Proseguono le indagini sul naufragio del peschereccio Nuova Iside di Terrasini avvenuto nella notte tra il 12 e il 13 maggio al largo di San Vito Lo Capo, nella Sicilia nordoccidentale. L’equipaggio era composto da tre uomini: Matteo Lo Iacono, 53 anni, il figlio 27enne Vito e il cugino Giuseppe Lo Iacono, 33 anni. I corpi di Matteo e Giuseppe sono stati ritrovati, mentre si pensa che il cadavere di Vito, sia rimasto intrappolato all’interno del relitto. Sulla vicenda indaga la Procura di Palermo, che ha iscritto nel registro degli indagati quattro persone legate alla petroliera “Vulcanello”, che secondo la ricostruzione dei magistrati avrebbe incrociato la rotta del peschereccio causandone l’affondamento e proseguendo la sua rotta senza prestare soccorso. Secondo l’ipotesi acusatoria, la petroliera sarebbe stata riverniciata tra il 21 e il 27 maggio, una decina di giorni dopo la scomparsa del peschereccio, forse per coprire le tracce dello speronamento.

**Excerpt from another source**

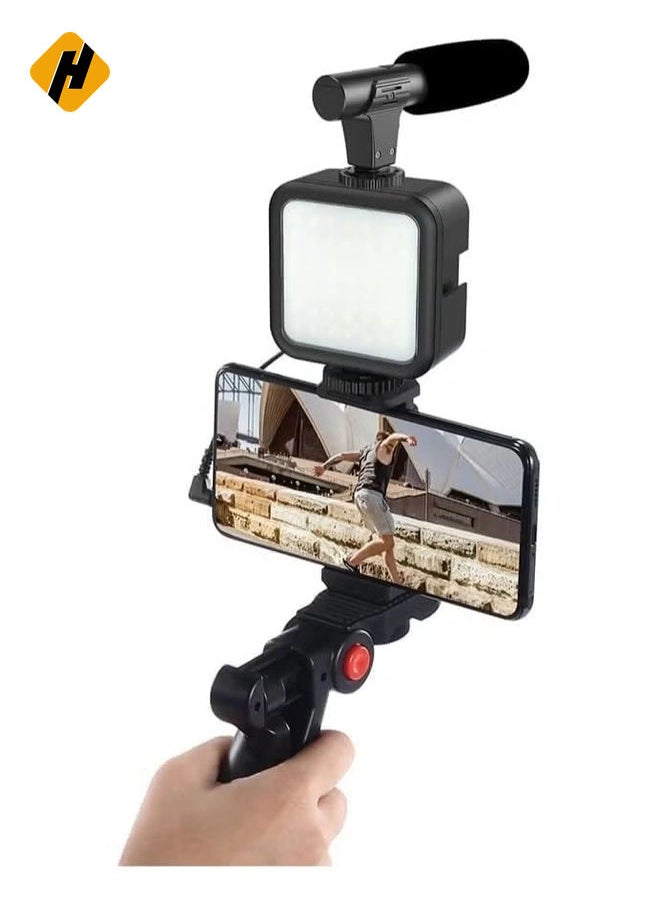 smartphone Vlogging Kit for Starter Video Recording, the set with Fill Light + Microphone + Tripod + Phone Clip for YouTube Tiktok Instagram Fitness Yoga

Ora l’obiettivo degli inquirenti è proprio quello di individuare i segni dell’intervento per ripitturare la petroliera. Per questo motivo nei giorni scorsi la nave Vulcanello è stata “messa a secco” nel bacino del cantiere Palumbo a Messina, al fine di verificare e rintracciare le strisciate dell’impatto che sarebbero però state rimosse attraverso una “sovrapitturazione” non autorizzata e non dichiarata. Al momento risultano indagate quattro persone: due ufficiali di plancia, il comandante della petroliera e l’armatore, tutte per il reato di omicidio colposo e omissione di soccorso. L’avvocato Aldo Ruffino, che assiste la famiglia dei tre pescatori, ha commentato: “Ogni intervento sulla nave deve essere dichiarato, invece sarebbero state fatte delle passate di colore con il rullo, utili a coprire i segni dell’impatto”.
Nel bacino senza acqua, così, vengono paragonate le foto della petroliera Vulcanello con la nave oggi sotto sequestro, alla presenza dei periti di entrambe le parti. Intanto, indizi sulla possibile collisione vengono fuori anche dalla scatola nera della nave: nell’audio infatti si sentono dei rumori che sarebbero riconducibili allo scontro. Secondo gli inquirenti questi rumori sarebbero stati prodotti dal “contatto ripetuto” con un oggetto di grandi dimensioni. Questo ulteriore indizio porta l’avvocato della famiglia Lo Iacono a chiedere ancora una volta un impegno concreto del governo nel far riemergere dal mare la “Nuova Iside” al fine di trovare ulteriori indizi e recuperare, soprattutto, il corpo di Vito Lo Iacono, il comandante 27enne ancora disperso dopo l’incidente del 12 maggio che ha sconvolto l’intera comunità di Terrasini, cittadina da sempre patria di pescatori.
“La famiglia è profondamente delusa – spiega l’avvocato Ruffino – nonostante gli appelli e la mobilitazione non è stato fatto dal Governo assolutamente nulla. Siamo costretti a chiedere ancora una volta un aiuto”. Se l’esecutivo al momento appare fermo, i legali della Vulcanello, di proprietà della società Augusta due, gruppo Mednav, sono invece attivi e hanno nominato periti ed esperti tra i migliori sul campo: l’ex comandante dei Ris di Parma Luciano Garofano, l’ingegnere Michele Martinelli.